Is a revival in auto sales in the offing? Smart recovery seen by these analysts
Overall, the auto sector continues to register muted sales in volume terms and the same happened even in May, 2019.
On Tuesday, major auto stocks witnessed selling pressure from investors after most of them announced their May 2019 sales which was a mixed bag. The S&P BSE Auto index finished at 18,743.88 down by 58.90 points or 0.31%. Gainers on this index were stocks like MRF, Ashok Leyland, Motherson Sumi, Balkrishna Industries, Apollo Tyres, Cummins India, Eicher Motors and Maruti Suzuki. On other hand, losers list included stocks like Hero Motocorp, Bajaj Auto, TVS Motors, Tata Motors, Bharat Forge and M&M. Overall, the auto sector continues to register muted sales in volume terms and the same happened even in May, 2019. This, as per analysts at ICICI Securities, was due to subdued retail demand sentiments and elevated inventory levels in the system.

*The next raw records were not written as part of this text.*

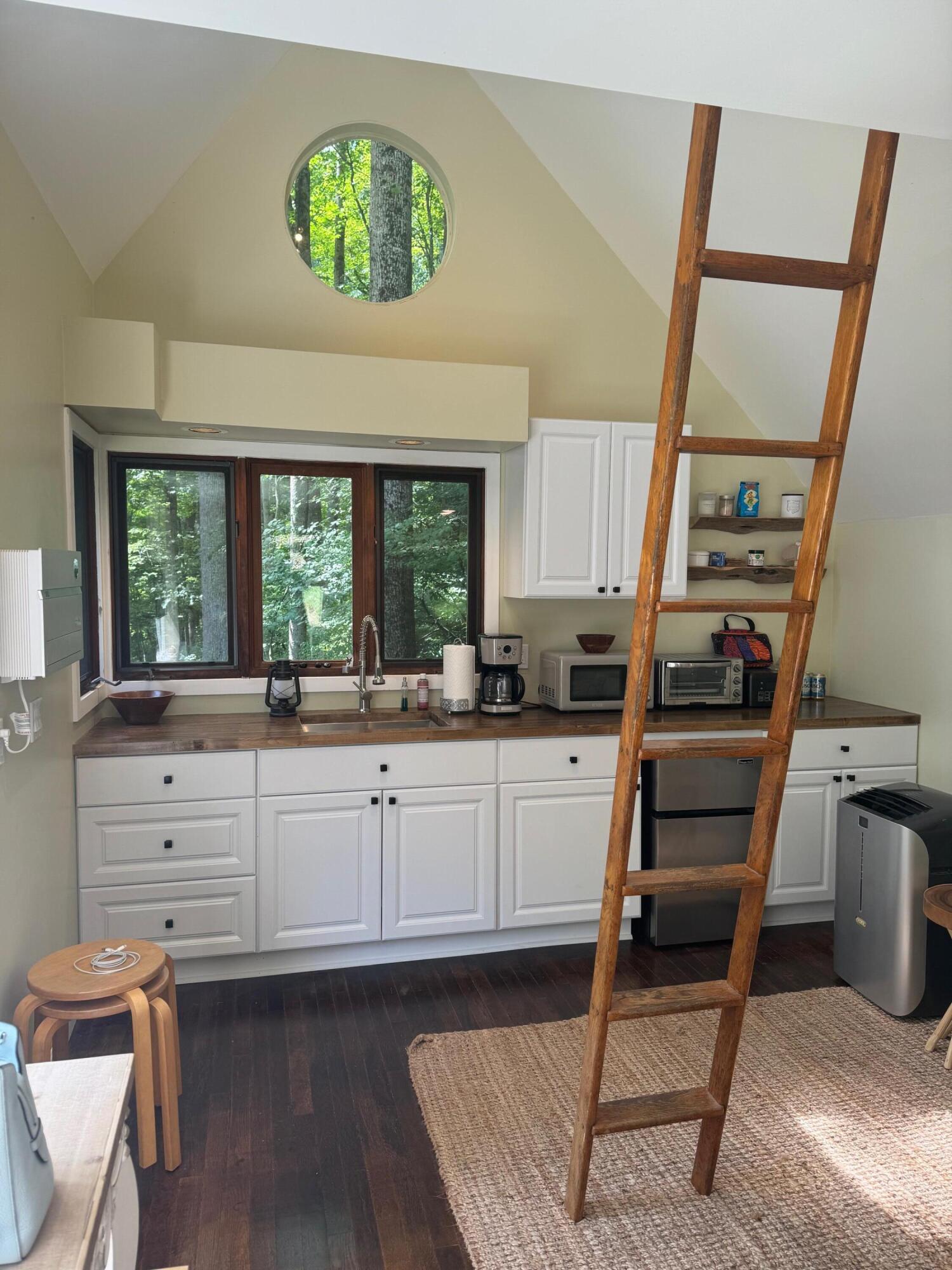 9737 Pine Forest Road Northeast Copper Hill, VA 24079 - Photo 6 of 41 a kitchen with white cabinets and window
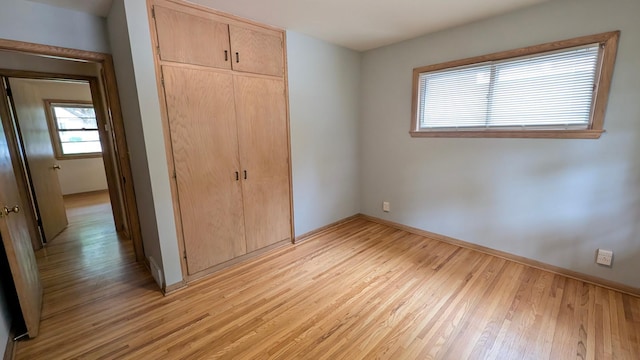 4825 Drew Ave S, Minneapolis, MN 55410 - unfurnished bedroom featuring a closet, light wood-style floors, and baseboards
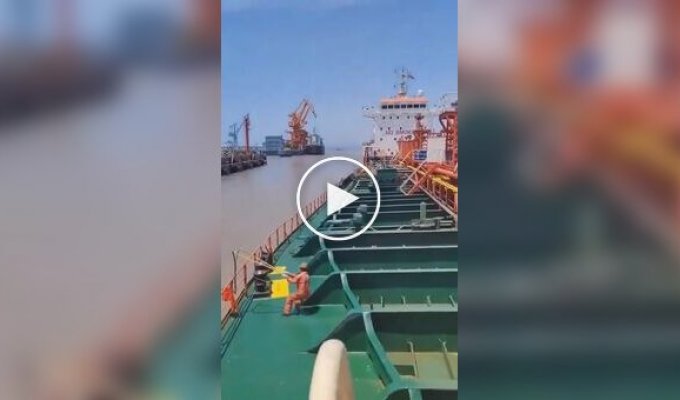 Using a powerful slingshot to launch a rope from a tanker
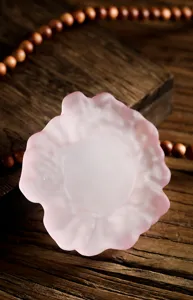 Primer plano de un elegante posavasos de vidrio esmerilado rosa con forma de flor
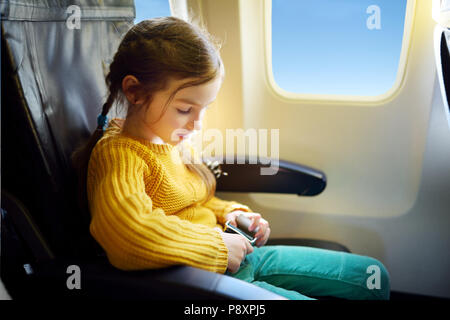 Entzückende kleine Mädchen mit dem Flugzeug reisen. Kind Flugzeug Fenster sitzen und nach draußen. Stockfoto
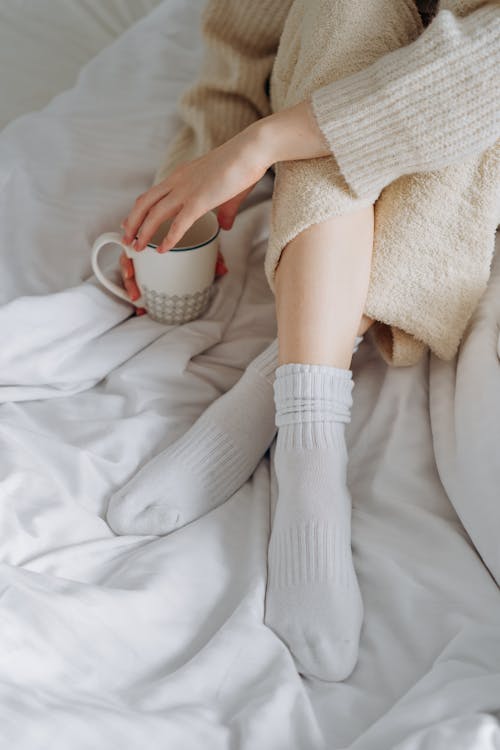 Free Woman in White Sweater Holding White Ceramic Mug Stock Photo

Explaining sales of passenger vehicles, Shashank Kanodia and Jaimin Desai, Research Analysts at ICICI Securities said, “segment seems to be the hardest hit with MSIL the segment industry leader reporting 25% decline in domestic dispatches. M&HCV segment also witnessed tepid numbers as customers waited on the sidelines before the new economic policies kick in at the Centre.”

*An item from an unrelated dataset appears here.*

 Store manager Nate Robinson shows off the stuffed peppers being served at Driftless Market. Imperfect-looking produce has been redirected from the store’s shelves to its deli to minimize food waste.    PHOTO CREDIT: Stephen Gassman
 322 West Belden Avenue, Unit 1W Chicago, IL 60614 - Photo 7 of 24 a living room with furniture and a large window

Meanwhile, Priya Ranjan, Vikrant Gupta and Apoorva Patil analysts at Antique Stock Broking said, “PV segment blues continued with combined volume of top six players down 20.1% YoY in May as OEMs continued to correct channel inventory. Inventory levels stood as per FADA stood at 40-45 days for PVs at the start of May, well above the average levels of 4 weeks. MSIL domestic sales were down 23% YoY at ~125.5k units, while Hyundai recorded a decline of 5.6% YoY to 42.5k units. M&M's PV sales were down 0.5% at 20.6k units, whereas TTMT registered a 38% YoY decline at 10.9k units. Among the other major PV players, Toyota recorded a decline of 7.4% YoY at 12.1k units while Honda posted a decline of 28% YoY at 11.4k units.”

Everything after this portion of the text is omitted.